Figure 9. TAO Toolkit architecture for cloud native deployment
Better inference optimization
To simplify productization and increase inference throughput, TAO Toolkit provides several turnkey performance optimization techniques. These include model pruning, lower precision quantization, and TensorRT optimization, which can combine to deliver a 4x to 8x performance boost, compared to a comparable model from public model zoos.

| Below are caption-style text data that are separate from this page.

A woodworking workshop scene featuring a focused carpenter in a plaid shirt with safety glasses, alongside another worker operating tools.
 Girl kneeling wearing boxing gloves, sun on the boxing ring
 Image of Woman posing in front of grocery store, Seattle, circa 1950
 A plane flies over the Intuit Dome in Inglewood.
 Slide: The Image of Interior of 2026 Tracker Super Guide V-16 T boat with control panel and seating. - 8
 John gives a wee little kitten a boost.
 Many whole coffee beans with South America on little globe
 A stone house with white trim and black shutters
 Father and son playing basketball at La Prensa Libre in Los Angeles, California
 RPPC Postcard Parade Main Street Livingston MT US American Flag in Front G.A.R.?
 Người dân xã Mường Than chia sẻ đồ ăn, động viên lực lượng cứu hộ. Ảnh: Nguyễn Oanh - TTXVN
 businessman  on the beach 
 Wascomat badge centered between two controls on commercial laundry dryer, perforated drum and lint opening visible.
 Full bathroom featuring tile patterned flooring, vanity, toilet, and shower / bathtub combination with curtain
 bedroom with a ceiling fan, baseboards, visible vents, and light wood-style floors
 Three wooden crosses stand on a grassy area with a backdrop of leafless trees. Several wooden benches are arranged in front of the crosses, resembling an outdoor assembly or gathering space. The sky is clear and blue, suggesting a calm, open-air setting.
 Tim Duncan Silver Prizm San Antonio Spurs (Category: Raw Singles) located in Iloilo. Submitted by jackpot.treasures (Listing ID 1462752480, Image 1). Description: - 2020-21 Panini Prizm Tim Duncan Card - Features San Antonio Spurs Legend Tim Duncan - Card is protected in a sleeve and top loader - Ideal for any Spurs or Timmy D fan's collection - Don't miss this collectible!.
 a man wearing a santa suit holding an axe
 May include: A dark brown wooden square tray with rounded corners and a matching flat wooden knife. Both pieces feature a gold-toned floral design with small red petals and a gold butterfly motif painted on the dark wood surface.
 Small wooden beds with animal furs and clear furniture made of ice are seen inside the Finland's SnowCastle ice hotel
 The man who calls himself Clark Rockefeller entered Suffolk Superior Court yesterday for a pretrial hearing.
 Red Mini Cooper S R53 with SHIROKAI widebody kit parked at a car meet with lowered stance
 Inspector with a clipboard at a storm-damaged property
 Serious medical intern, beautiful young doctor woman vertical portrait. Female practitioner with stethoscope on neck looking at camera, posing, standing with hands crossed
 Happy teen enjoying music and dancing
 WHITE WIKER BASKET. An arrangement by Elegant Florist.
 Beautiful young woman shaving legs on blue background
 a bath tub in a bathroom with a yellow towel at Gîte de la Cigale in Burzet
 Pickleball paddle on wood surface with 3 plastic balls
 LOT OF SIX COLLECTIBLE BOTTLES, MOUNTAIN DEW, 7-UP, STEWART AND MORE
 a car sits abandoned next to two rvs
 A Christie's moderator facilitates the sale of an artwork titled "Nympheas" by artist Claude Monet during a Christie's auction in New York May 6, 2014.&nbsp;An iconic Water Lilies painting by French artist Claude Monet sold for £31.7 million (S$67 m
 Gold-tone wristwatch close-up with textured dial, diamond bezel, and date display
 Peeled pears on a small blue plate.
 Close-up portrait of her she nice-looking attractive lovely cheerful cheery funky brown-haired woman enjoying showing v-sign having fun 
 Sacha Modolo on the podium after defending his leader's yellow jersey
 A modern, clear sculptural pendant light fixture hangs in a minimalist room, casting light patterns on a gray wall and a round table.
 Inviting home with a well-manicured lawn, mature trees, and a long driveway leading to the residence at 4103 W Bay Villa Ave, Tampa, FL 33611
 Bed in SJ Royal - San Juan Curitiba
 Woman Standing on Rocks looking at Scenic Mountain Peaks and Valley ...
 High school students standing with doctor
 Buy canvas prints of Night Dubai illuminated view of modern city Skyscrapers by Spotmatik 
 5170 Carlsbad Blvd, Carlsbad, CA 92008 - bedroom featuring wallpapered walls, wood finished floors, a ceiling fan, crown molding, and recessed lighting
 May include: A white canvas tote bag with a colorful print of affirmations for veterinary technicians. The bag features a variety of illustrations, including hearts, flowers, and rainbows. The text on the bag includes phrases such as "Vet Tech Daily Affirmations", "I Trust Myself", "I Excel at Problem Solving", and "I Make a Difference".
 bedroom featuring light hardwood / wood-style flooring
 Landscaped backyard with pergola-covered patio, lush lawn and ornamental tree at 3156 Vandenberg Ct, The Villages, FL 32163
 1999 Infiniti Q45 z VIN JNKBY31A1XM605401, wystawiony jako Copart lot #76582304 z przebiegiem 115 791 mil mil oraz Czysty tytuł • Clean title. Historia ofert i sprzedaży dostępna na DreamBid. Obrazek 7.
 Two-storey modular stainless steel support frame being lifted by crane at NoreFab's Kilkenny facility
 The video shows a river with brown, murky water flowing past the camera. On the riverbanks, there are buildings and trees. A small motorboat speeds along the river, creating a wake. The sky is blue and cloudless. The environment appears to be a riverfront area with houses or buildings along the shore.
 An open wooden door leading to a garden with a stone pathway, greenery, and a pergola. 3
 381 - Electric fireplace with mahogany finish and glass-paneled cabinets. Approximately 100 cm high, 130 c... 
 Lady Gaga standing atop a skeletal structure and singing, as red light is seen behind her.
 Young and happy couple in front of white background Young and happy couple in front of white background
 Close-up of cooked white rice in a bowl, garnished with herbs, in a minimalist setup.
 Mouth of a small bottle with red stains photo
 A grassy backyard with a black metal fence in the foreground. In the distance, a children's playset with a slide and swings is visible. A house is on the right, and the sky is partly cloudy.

Figure 10. Performance comparison between TAO Toolkit optimized and public models on a wide range of GPUs
Open and flexible, with better support
An AI model predicts output based on complex algorithms. This can make it difficult to understand how the system arrived at its decision and challenging to debug, diagnose, and fix errors. Explainable AI (XAI) aims to address these challenges by providing insights into how AI models arrive at their decisions. This helps humans understand the reasoning behind the AI output and makes it easier to diagnose and fix errors. This transparency can help to build trust in AI systems.
To help with transparency and explainability, TAO Toolkit will now be available as source-open. Developers will be able to view feature maps from internal layers, as well as plot activation heat maps to better understand the reasoning behind AI predictions. In addition, having access to the source code will give developers the flexibility to create customized AI, improve debug capability, and increase trust in their models.
NVIDIA TAO Toolkit is enterprise-ready and available through NVIDIA AI Enterprise (NVAIE). NVAIE provides companies with business-critical support, access to NVIDIA AI experts, and priority security fixes. Join NVAIE to get support from AI experts.
Integration with cloud services
NVIDIA TAO Toolkit 5.0 is integrated into various AI services that you might already use, such as Google Vertex AI, AzureML, Azure Kubernetes service, Google GKE, and Amazon EKS.
Figure 11. TAO Toolkit 5.0 is integrated with various AI services
Summary
TAO Toolkit offers a platform for any developer, in any service, and on any device to easily transfer-learn their custom models, perform quantization and pruning, manage complex training workflows, and perform AI-assisted annotation with no coding requirements.